Hey Ho let’s go Anreise zur dmexco 2013

Ein früher Wecker in Hamburg Eimsbüttel. Man sollte halt regelmäßig mal aufstehen bevor der Bäcker aufmacht. Rucksack auf und ab zur U-Bahn. Dort stehen schon die ersten Verdächtigen und erfüllen die Tatbestandsmerkmale „Agenturmäuschen“. Ich dachte ja, dass ich im ICE der Harten und Verzweifelten sitzen würde. Also jener, die sich denken, dass Schlaf und zwei Messetage total überbewertet wären. Aber Rollkoffer und somit wohl zwei Tage und dann morgens anreisen? So übler Sparzwang in der Branche? Oder einfach auch verpeilt zu buchen und das ist die Strafe?

Foursquare und Twitter zeigen, was vorher schon bekannt war: das digitale Hamburg ist heute etwas früher unterwegs.
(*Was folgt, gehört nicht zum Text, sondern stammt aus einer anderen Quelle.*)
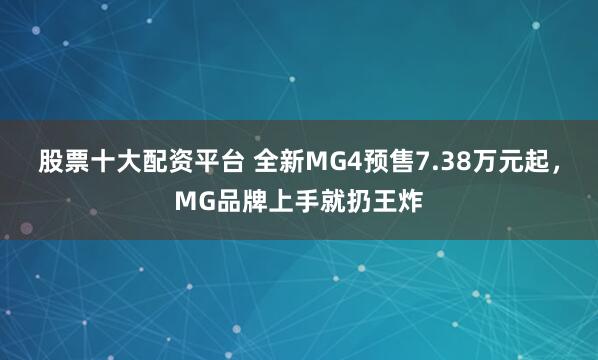 股票十大配资平台 全新MG4预售7.38万元起，MG品牌上手就扔王炸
Die Kollegen von eTracker und Nielsen stehen am Gleis und dort ist auch das ein oder andere „ich glaube den hab ich mal auf nem Event gesehen“ Gesicht mehr oder weniger bekannt. Der Platz neben mir ist aktuell noch frei und v.a. nur bis Düsseldort reserviert. Ist das alte Schule die nicht weiß, dass die OMD jetzt anders heißt und ein Dorf weiter ist? Oder gibt es etwa heute jemanden der NICHT auf der Messe aller Messen sein könnte? Gibt es bestimmt, schließlich ist ja auch IAA vermelden foursquare und twitter. Auch dorthin sprintet ein Red Eye ICE.

Liebe Bahn, ich muss meine Liebeserklärung (in Teilen) leider widerrufen!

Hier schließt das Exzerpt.